Action item -
Write the listing below out again in full, dropping its pictures.
--- Available data Enclosed Below ---
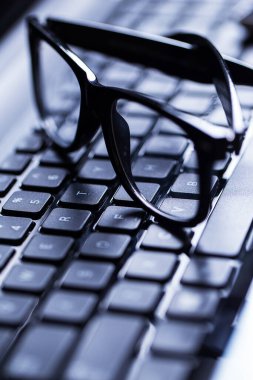 Üzerinde gözlük olan parlak bir dizüstü bilgisayarın yakın plan fotoğrafı.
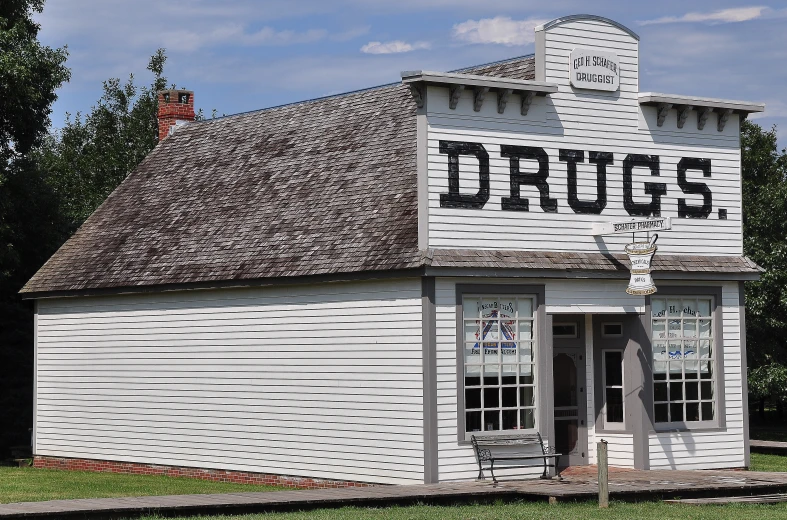 an old store with a large sign on the front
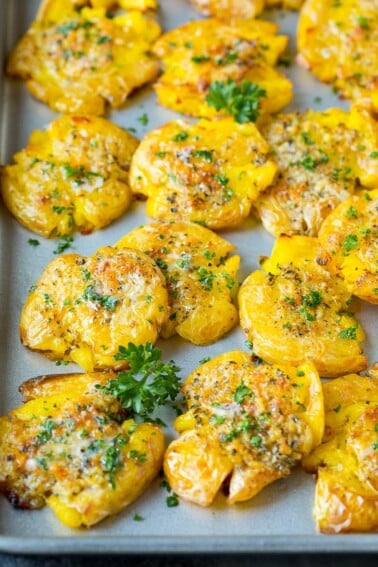 Smashed potatoes on a sheet pan, topped with garlic butter and parsley.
--- End of Enclosed Available data ---
Result for this task -
 Üzerinde gözlük olan parlak bir dizüstü bilgisayarın yakın plan fotoğrafı.
 an old store with a large sign on the front
 Smashed potatoes on a sheet pan, topped with garlic butter and parsley.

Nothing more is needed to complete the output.